Policy System Design

This document explains the architecture, design decisions, and trade-offs behind the tyk policy feature. It is aimed at contributors and anyone who needs to understand why the system works the way it does.

The core problem

The Tyk Dashboard API uses a JSON wire format for policies that is hostile to humans. API access is keyed by opaque 24-character hex IDs. Durations are raw seconds. There is no validation client-side — the server silently accepts garbage and produces broken policies. None of this is version-control friendly.

The goal: let users author policies as readable YAML files that they can commit, review, and diff, while the CLI handles all the ugly translation.

Two-format architecture

The system has two distinct representations for the same policy:

┌──────────────────┐          ┌──────────────────┐
│   CLI Schema     │  apply   │   Wire Format    │
│   (PolicyFile)   │ ──────►  │ (DashboardPolicy)│
│   Human-written  │          │   Dashboard API  │
│   YAML files     │  ◄────── │   JSON           │
└──────────────────┘    get   └──────────────────┘

CLI schema (pkg/types/PolicyFile) — what users write:

  • Durations as strings: "30d", "1h", "1m"
  • APIs referenced by name, listen path, or tags
  • Flat YAML structure, easy to read and diff

Wire format (pkg/types/DashboardPolicy) — what the Dashboard expects:

  • Durations as integer seconds: 2592000, 3600, 60
  • APIs keyed by hex ID in an access_rights map
  • Nested JSON with fields like _id, quota_renewal_rate, key_expires_in
  • allowed_urls must be [] not null, limit must be explicit null — the Dashboard is picky

The conversion lives in internal/policy/convert.go. It is bidirectional:

  • CLIToWire — used by apply to push to the Dashboard.

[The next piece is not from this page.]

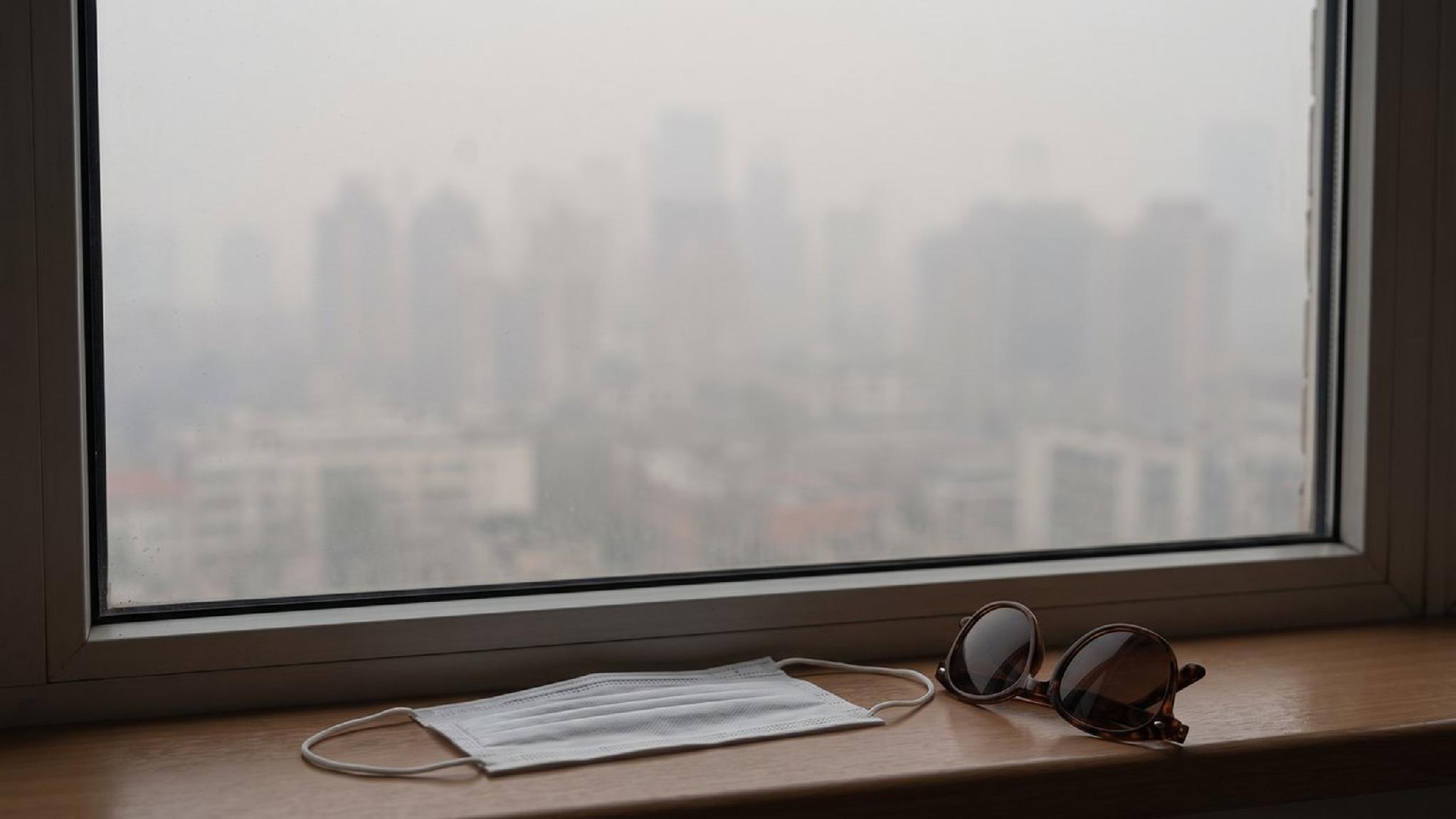 Mask and sunglasses on window sill, city view hazy from air pollution.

Passes the user’s id directly into the wire id field and leaves _id empty (the Dashboard generates it).
  • WireToCLI — used by get to pull from the Dashboard into readable YAML. Uses the wire id field directly as the friendly ID, falling back to _id for unmanaged policies (those with an empty id field).

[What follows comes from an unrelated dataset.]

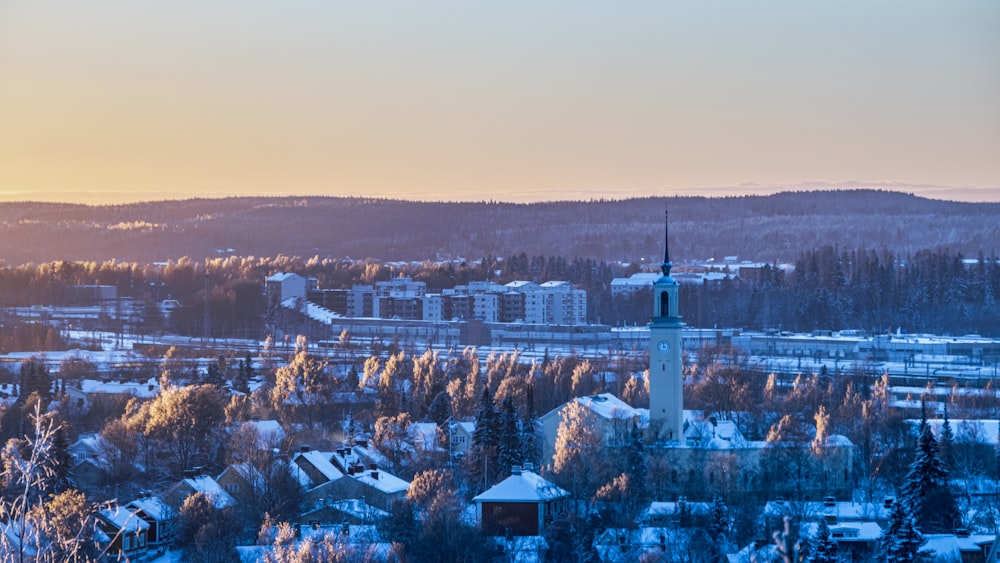 a town with a clock tower in the middle of it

Why not just use the wire format?

We considered having users write Dashboard JSON directly (or a thin YAML wrapper over it). Rejected because:

  1. API IDs are meaningless. "a1b2c3d4e5f6" tells you nothing. name: users-api tells you everything. IDs also change between environments, so a policy file with hardcoded IDs cannot be promoted from dev to staging.

  2. Durations are error-prone. Is 2592000 thirty days or some other number? "30d" is unambiguous.

  3. The wire format is unstable. Tyk has added and renamed fields across versions. The CLI schema acts as a stable interface — if the wire format changes, only convert.go needs updating.

  4. Diffability. access_rights is a map keyed by API ID, so the ordering is non-deterministic. The CLI schema uses an ordered list. Git diffs are clean.

Duration system

internal/policy/duration.go

Parsing rules

Accepted: "30d", "24h", "1m", "60s", "60", "0"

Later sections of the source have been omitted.